When R.E.M. finally broke through to mainstream success with 1987’s Document, they did it the way musicians dream of. After loading up with critical accolades and rounding up a sizable fan base with incessant touring, they needed only to deliver an album that continued their steady artistic growth and featured a few catchy singles. That they did, giving the world “Finest Worksong”, “It’s the End of the World As We Know It (And I Feel Fine)”, and “The One I Love” while keeping their indie credibility completely intact. Document provided the launch pad for R.E.M.‘s phenomenal popular success, but more importantly, it staked out an ideal position for the band to develop. While their impressive sales guaranteed them a spot at any record company they chose, they had also displayed enough artistic integrity to give them the authority to change and grow as they saw fit. Quite simply, they had managed to become rock stars who could ignore financial concerns and write whatever music they felt like, a rare and enviable thing indeed.

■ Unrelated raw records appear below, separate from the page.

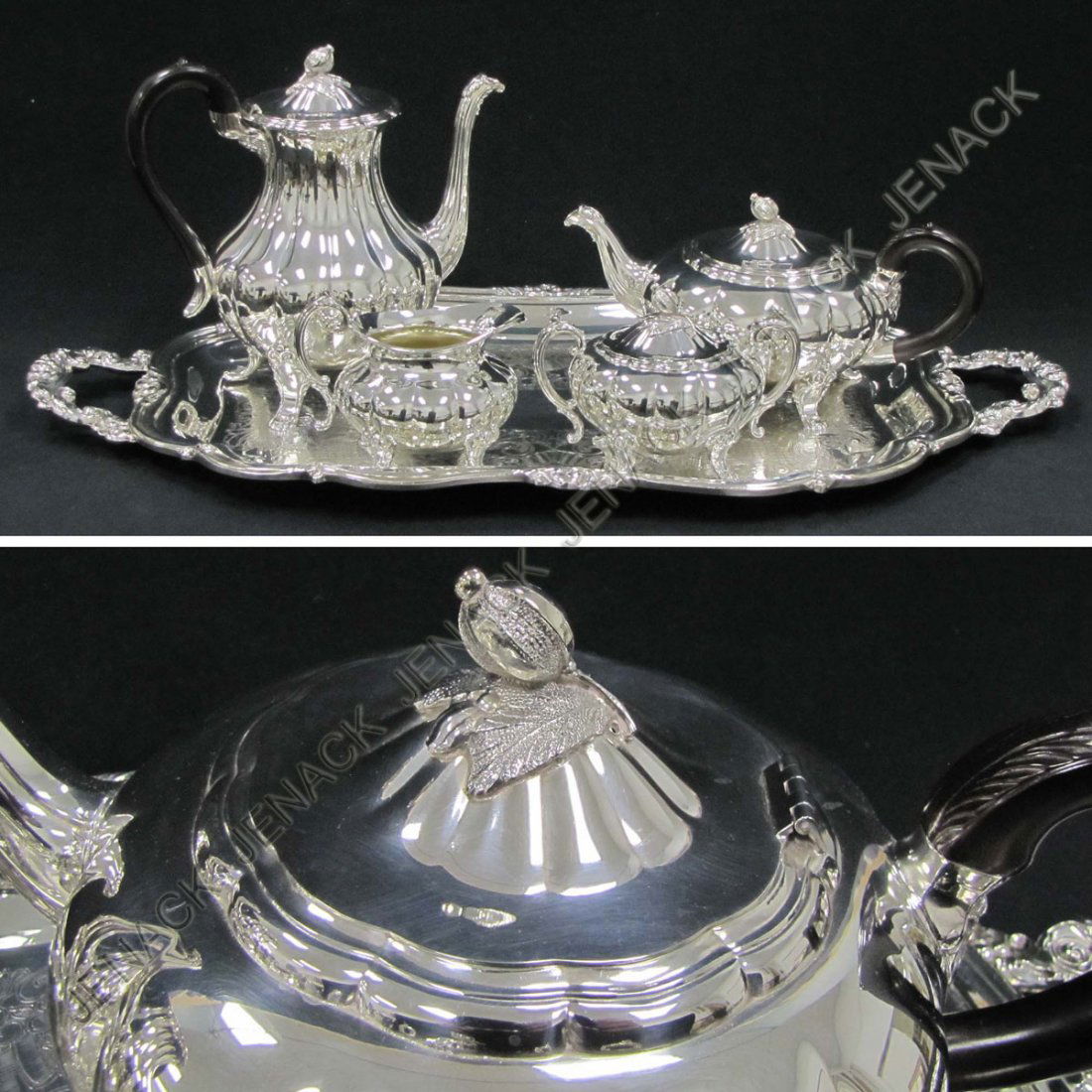 SET (5) HEIRLOOM SILVER PLATE "MELLON" PATTERN: SET (5) HEIRLOOM SILVER PLATE "MELLON" PATTERN COFFEE/TEA SERVICE INCLUDING TRAY, LENGTH 27"; SUGAR/CREAMER, HEIGHT 4-4 1/2"; TEAPOT, HEIGHT 6"; COFFEE POT, HEIGHT 9 1/2"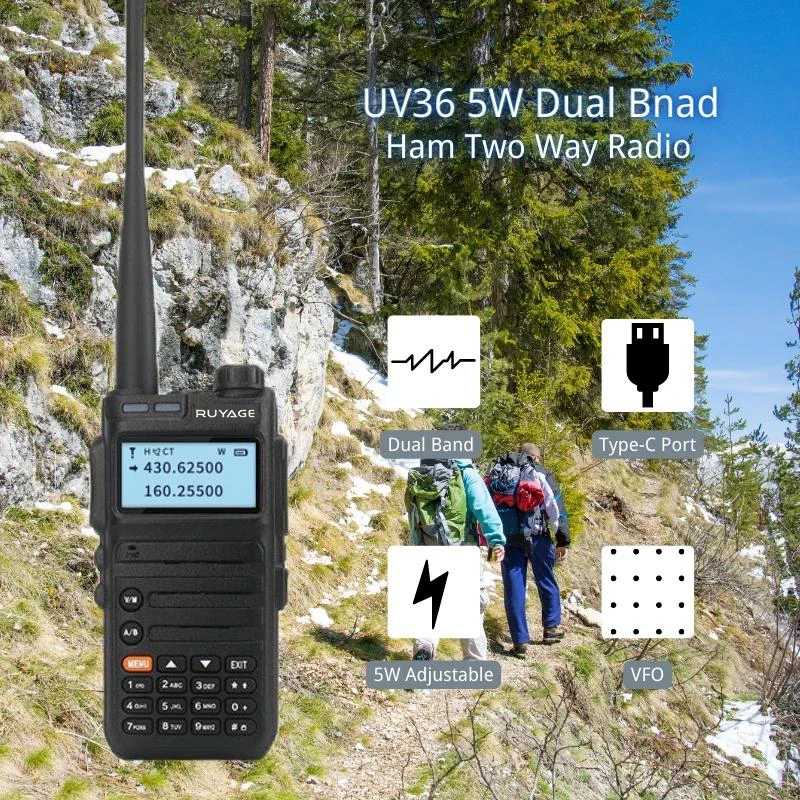 

Ruyage-UV36 Walkie Talkie, Ham Two-Way Radio Stations, Long Range , Professional UHF, VHF, USB Type C Charger, 5W, GMRS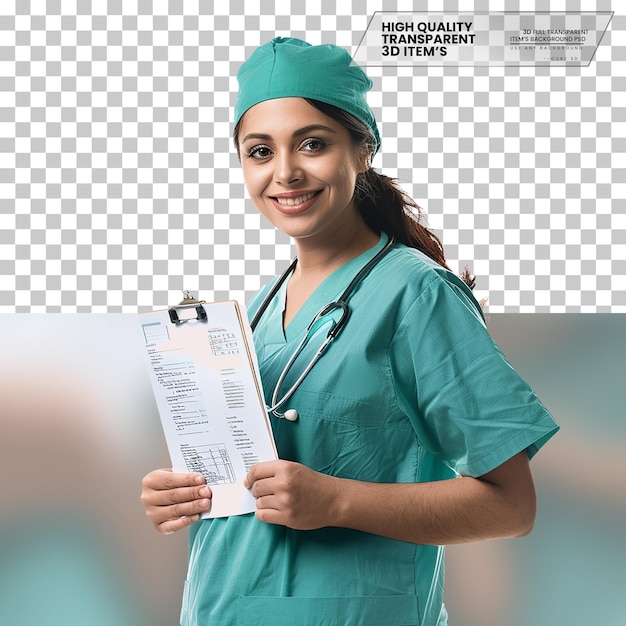 PSD realistic healthcare worker with expertise in compassionate patient care on transparent background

Since R.E.M. has long since entered the American consciousness as a bona fide institution, it’s well worth a trip back in time to the point at which they started becoming one and stopped being just another garage band. The release of Document on the still-trippy DVD Audio format provides an excellent opportunity to do just that while recasting the experience as simultaneously classic and modern, adjectives that apply equally well to the band itself. To begin with, the DVD-A can’t be played on a normal stereo. In order for the experience to happen at all, you need a DVD player; in order for the experience to be worthwhile, you need stereo speakers hooked up to your DVD player; in order for the experience to be much more exciting than simply putting your regular copy of Document into your regular CD player, you need to have a surround sound setup connected to your DVD player. Sound elitist yet? It certainly explains the relative rarity of these things as of yet, and despite its epochal status, Document ends up providing as much trepidation as excitement about this new medium when experienced in it.

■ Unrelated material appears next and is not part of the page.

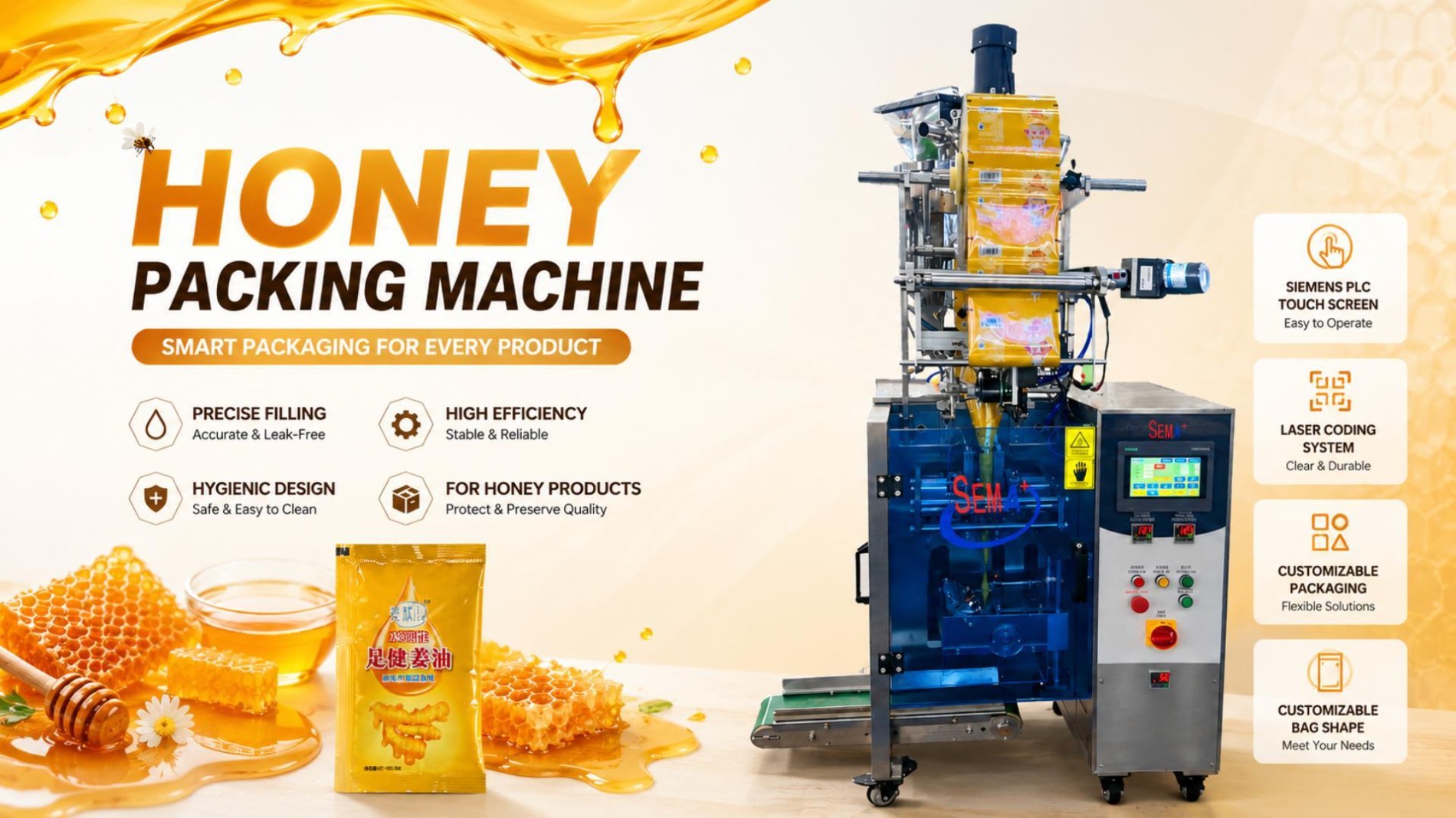 Model A Automatic Paste 3 Side Seal Sachet Packing Machine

Just as DVD’s reinvigorated the home video milieu with bonus material, so too does DVD Audio offer up extras to present existing works in sweeter packages. Music videos are natural choices, but tying them even more intimately to the way we consume albums further endangers the purely auditory musical experience, so it’s nice to see that none are included here. The only special feature is a projection of the album’s lyrics on the TV that flips automatically as the music plays. This is perhaps not the best thing for Michael Stipe’s reputation, resting as it does on impenetrable mystique. When the words are laid so luminously bare, it almost seems as if the next time the virtual page turns, it will reveal that Stipe was an unregenerate bullshit artist who hoodwinked critics and laymen alike with his nonstop barrage of highbrow references and cryptic imagery. That wasn’t actually the case, but some skepticism is only natural. Namedropping Lester Bangs was certainly a surefire way to get good notices from the countless writers doing their flaccid imitations of him, and Stipe’s leftist concerns earned him earnest young fans apparently not put off by his vagueness. In the final count, though, it’s hard to doubt his sincerity no matter how many artistic pratfalls it led him to make. Even when misguided, passion is more worthy of admiration than fashionable cynicism.

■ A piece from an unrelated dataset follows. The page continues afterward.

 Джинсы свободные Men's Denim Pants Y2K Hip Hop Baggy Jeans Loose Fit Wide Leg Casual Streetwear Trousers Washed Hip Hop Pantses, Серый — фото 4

With regards to sonic innovations, DVD Audio boasts increased resolution for the diehard audiophiles, but its most notable feature is its use of the surround sound format. This yields more separation than has been possible in musical recordings since the advent of stereo, and while that’s enough to make the disposable-income crowd go mad with lust, it remains to be seen whether or not this new trick is going to be a sonic landmark or a pricey distraction that will go the way of quadrophonic sound. In any case, it’s a funny way to hear R.E.M., a band whose no-nonsense approach seems firmly at odds with such stuff. By resurrecting the sound of groups like the Byrds and Big Star, they stated that simplicity and directness are virtues strong enough to outlast flashy trends. With high-quality and virtually permanent pressings of this music already available for less money on compact disc, it’s worth pondering: will this DVD Audio copy of Document last as long as its authors’ careers or as short as, say, Gary Numan’s?